その向こう側

八月 猫

第1話 テリー・プライス

──ドン


 僅かに低い音が聞こえた。もし今が授業中じゃなければ──もし、ほんの少しの喧騒の中にいれば聞き逃していただろう。


 それはただ単に小さな音が近くで聞こえたのではなく、かなり大きな音が、ここから距離があるために遮蔽物によって遮られたような鈍く──不快な音に思えた。


 しばらくは何事もなかったかのように授業は進んでいく。

 おそらくは教室内の生徒の大半がその音を聞いていたと思うが、特に気にするような事ではないと判断したのだろう。

 実際何の音なのか確かめる手段はないし、そうまでする理由もなかった。

 テリー・プライスはそう考えてすぐに講義に集中した。


 しかしすぐにその原因は明らかとなった。


 今度はすぐ近く――おそらくは廊下の突き当たりにある階段の辺りだろう。

 身体の芯まで響く爆発音と激しい振動が教室全体を襲ってきた。


「キャー!!」


 クラスメイトの悲鳴が上がる。

 何が起きているのかは分からないが、どんな事が起きたのかは分かる。


 ──何かが爆発した。


 その場の全員がそれを理解しパニックになった。

 事故か事件か。

 先程僅かに聞こえてきた音も別の場所で同じ事が起きていたのだが、誰もそこまで考える余裕はなかった。


 テリーの今いる教室は三階。爆発は廊下側で起きている。そちらには避難したくはないが、窓から出る事も出来ない。

 教師が大声で落ち着くようにと叫んだが、パニックに陥った生徒たちの耳には届いてはいないようだった。


 すでに廊下に飛び出した者もいて、それに気付いた者が後に続いた。

 皆爆発が起きた方向とは逆へと走る。

 多少の距離はあるが、そちらにも下へ降りる階段がある。

 周りの教室からも一斉に生徒が飛び出し廊下は我先にと押し合う危険な状態になっていた。

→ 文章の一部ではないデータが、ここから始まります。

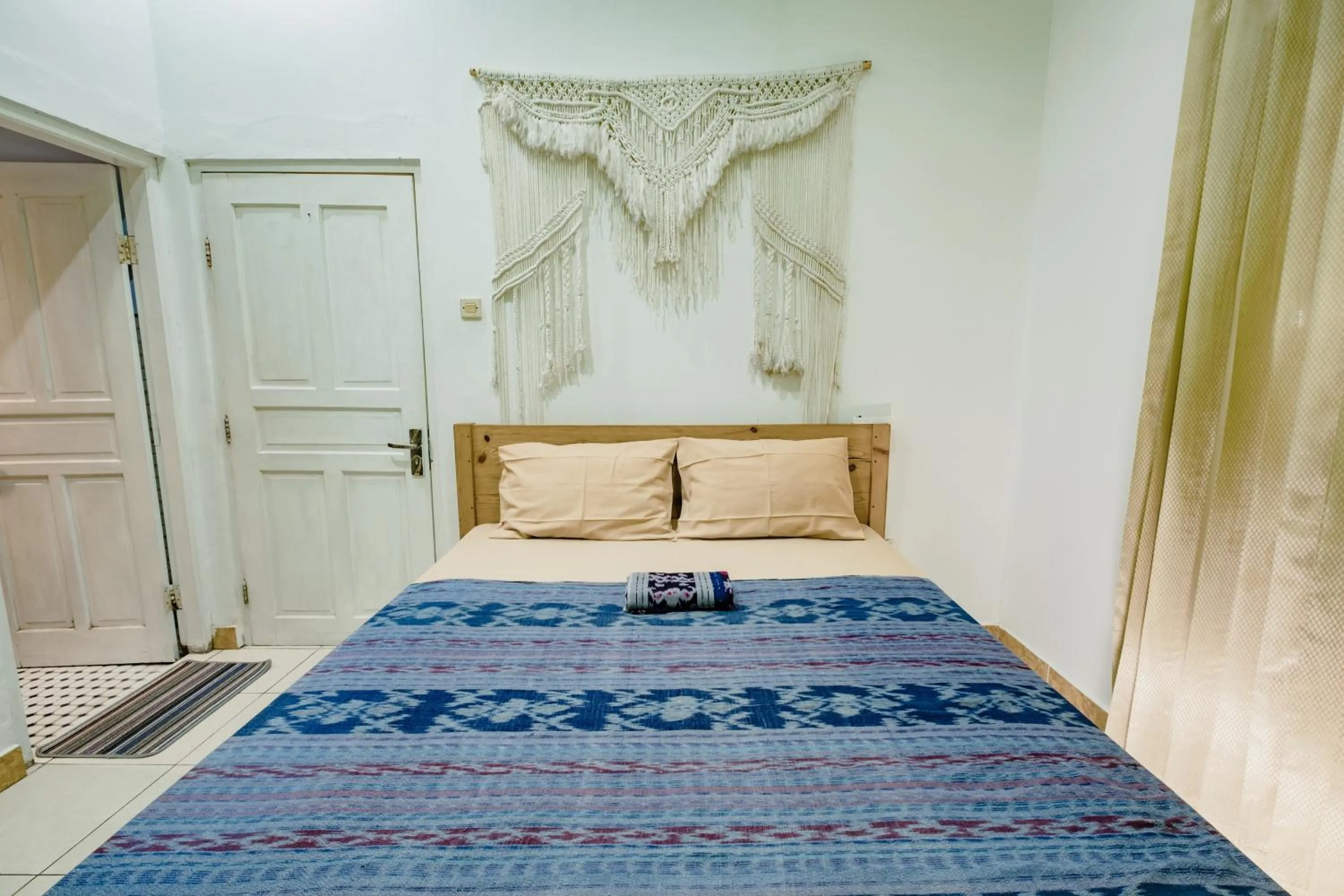 air conditioner, Bed in Happy Buddha Yogyakarta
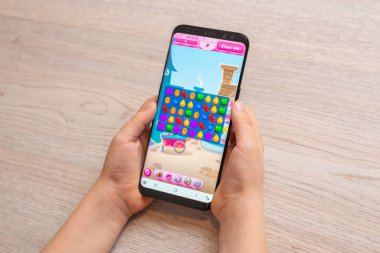 Saraybosna, Bosna-Hersek - 30 Kasım 2019: Candy Crush Saga bulmaca video oyunu çağdaş akıllı telefonda çocukların yakın çekimlerinde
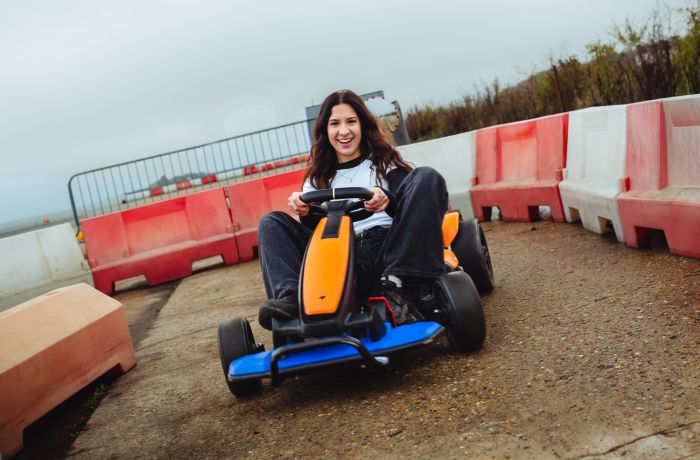 girl on go kart on a family driving day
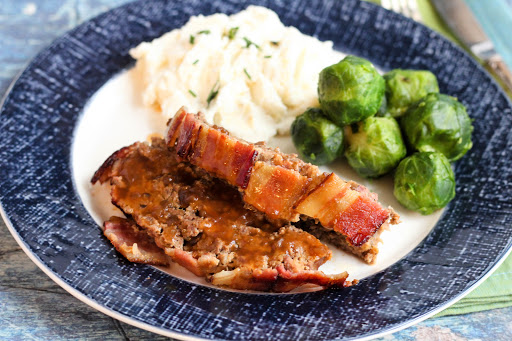 Two slices of Bacon Wrapped Salisbury Meatloaf with gravy on top.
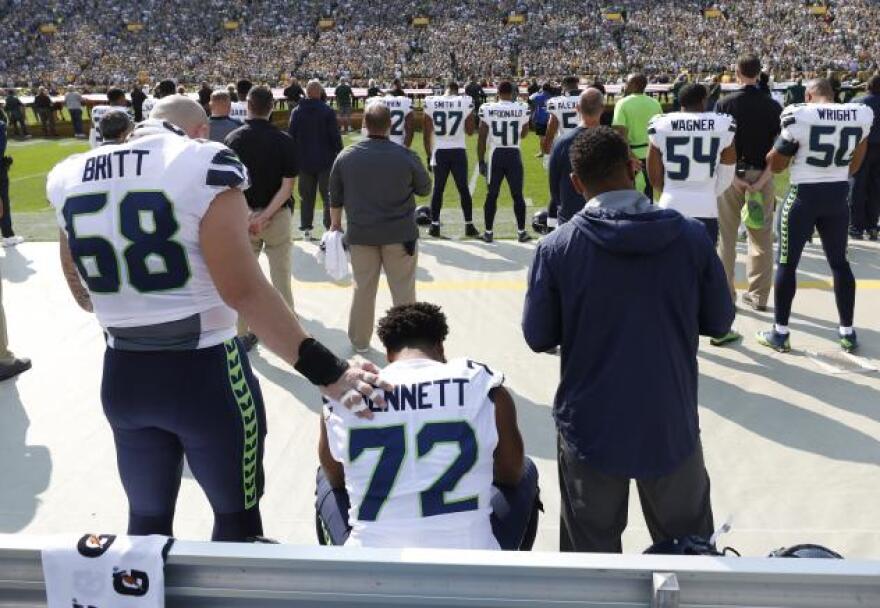 Seattle Seahawks' Michael Bennett remains seated on the bench during the national anthem before an NFL football game against the Green Bay Packers Sunday, Sept. 10, 2017, in Green Bay, Wis.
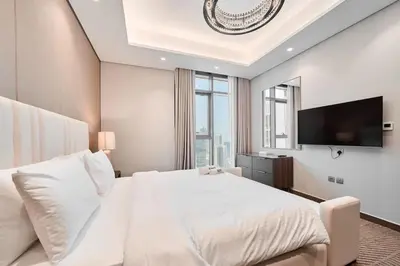 a bedroom with a large white bed and a flat screen tv at FAM Living Stylish 1BR in Nobles Tower Near Downtown in Dubai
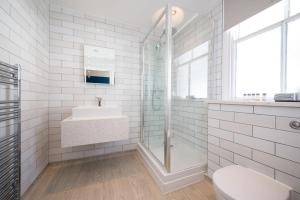 a white bathroom with a sink and a shower at The Beverley by Innkeeper's Collection in Cardiff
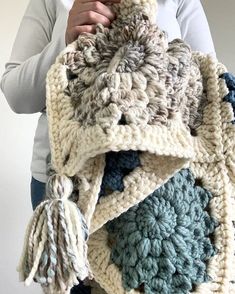 a woman is holding a crocheted blanket with tassels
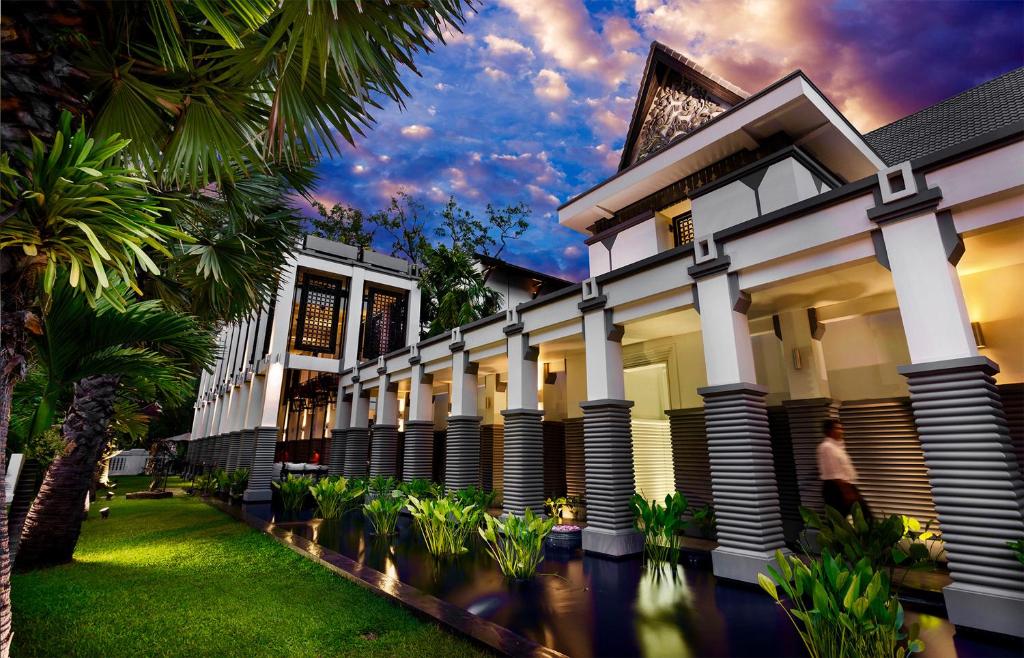 
a large building with trees and palm trees in front of it at Shinta Mani Angkor & Bensley Collection Pool Villas in Siem Reap
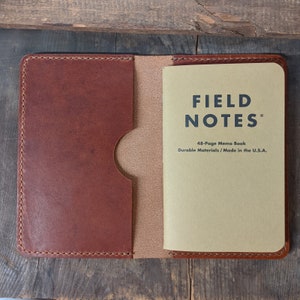 May include: A brown leather notebook cover with a tan interior and a Field Notes memo book. The memo book is tan with black text that reads "FIELD NOTES" and "48-Page Memo Book Durable Materials / Made in the U.S.A."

 先頭を行く生徒が階段にたどり着いたその時――三度目の爆発が起きた。


 その階段の真下、二階の廊下で激しい爆発。

 二階の教室から避難しようとしていた生徒が巻き込まれた。


 すでに下へ降りようとしていた者は爆風を受けて重なり合いながら悲鳴と鈍い音を上げ雪崩のように階下へと落ちていき、爆発の衝撃をまともに受けた者はその五体を壁に宙にと散らした。

 密集していたのが幸いしたのか、後方にいた者は大きな被害を受けなかったが、犠牲となった生徒の飛び散った血肉片が雨のように降り注ぎ、パニックに更に拍車をかけた。

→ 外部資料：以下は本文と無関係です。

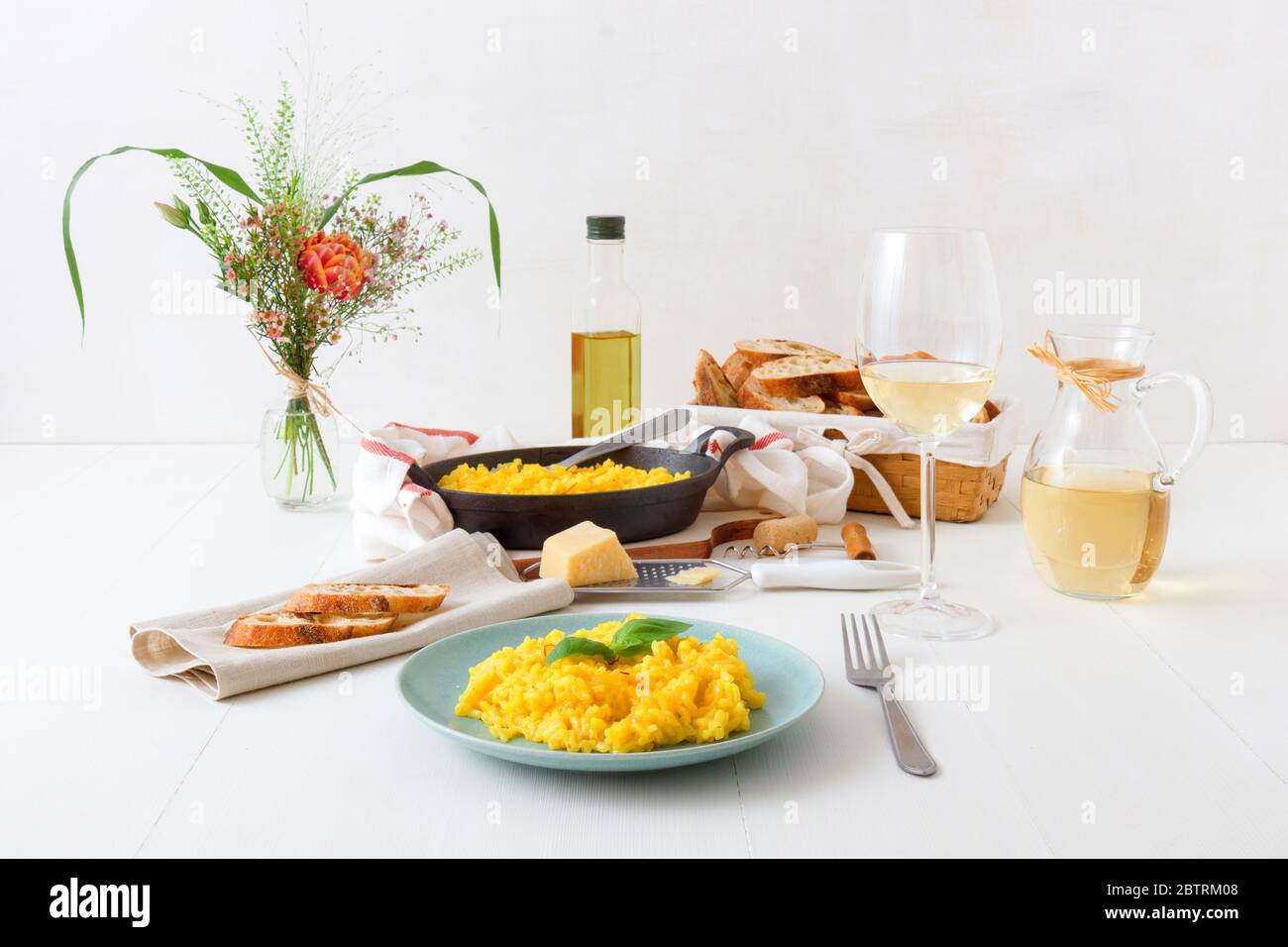 Risotto Mailänder, Holztisch mit traditionellem italienischen Safranrisotto, Gläsern und Krug Wein, Flasche Olivenöl, Korb mit Brot und Blumen Stockfoto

 辺りは黒煙に包まれ、タンパク質の焦げた臭いと神経を直接刺激するような生臭さが充満した。

 三階からも後続に押されて落ちてくる者が何人かはいたが、その場の惨劇を目の当たりにし、転落の痛みを忘れ嘔吐した。



 二階で爆発が起きた時、テリーはまだ教室にいた。恐怖で動けなかったのではなく、親友であるアンソニー・ベンスンに手を貸していた。

 アンソニーは避難しようとしたクラスメートに押し倒され、足に怪我を負っていた。


「大丈夫か?」


 テリーはアンソニーに肩を貸して教室から出ようとした。

 廊下では階段から引き返してきた生徒達の悲鳴とも怒号ともとれる声が響いていた。皆逆走して始めに爆発のあった方へと走っている。

 確かに一度爆発が起きているのだから安全かもしれないが、誰もそんな事を思ってはいない。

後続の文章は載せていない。